Perhaps it's about time someone told the folks over at One News that when it comes
to matters internet, most kids are a whole lot smarter than your average
Since the site is located outside NZ's jurisdiction, there's not a whole lot
that can be done to pull the pictures -- which brings the problem
of the borderless Net back into the spotlight.
To quote from the NZoom story: "Internal Affairs says the pictures may still
breech NZ laws if they are classified as offensive" -- so it would be unwise for
anyone here to publish copies of the pictures concerned.
But hang on -- I believe that the images concerned are probably already
being published from machines located in NZ. I wonder how many ISP's
web caches are carrying copies of the images -- would they perhaps
be risking prosecution?
Given the agressive level of caching that XTRA and ClearNet/ZFree seem to
be running, I'd wager a sizeable sum that they are effectively publishing
those potentially "offensive" images by serving them up from a machine
hosted within NZ.
Am I going to provide you with a link to the website that's caused all this
fuss and bother?
Hell no. If you're reading this and you really want to spend your time
ogling the grotesque aftermath of a violent attack then you're probably
more than smart enough to figure it out the URL of the website yourself
using the information kindly provided in the One News video footage.
TV News Credibility Takes Another Hit
Regardless of the technical and journalistic issues it raises, you have to ask
whether the publishing of these potentially "offensive" images on a website
half a world away was even worthy of a spot on the six o'clock news?
After all, the material concerned hasn't actually been classified as "offensive"
by Internal Affairs and its publication affects just a handful of people.
Was this just another instance of the mainstream media looking to associate the
Net with evil nasty things?
I know I
ranted on this subject just the other day,
but if they're that hard up for news, what about covering the Sky TV fiasco
-- an issue that affects over a million NZers.
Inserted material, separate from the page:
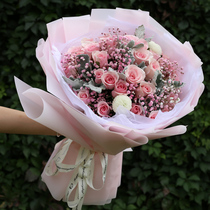 Jiaxing Deqing Flower Shop Distribution Wuxing Lake State Order Flower Nanxun Long Xingli Water to send Flower Anji flowers Tongcheng Express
I still can't believe how the Sky story appears to have been actively
suppressed by both TVNZ and TV3.
Oh... hang on, aren't both organisations in bed with Sky and reliant on it
to rebroadcast their content via the digital satellite service? Surely it
couldn't be that these relationships have ensured that we'll never see a
negative word spoken about the pay TV broadcaster on our evening news?
Is the line between infomercial and "award winning TV news coverage" perhaps
becoming a little blurred these days?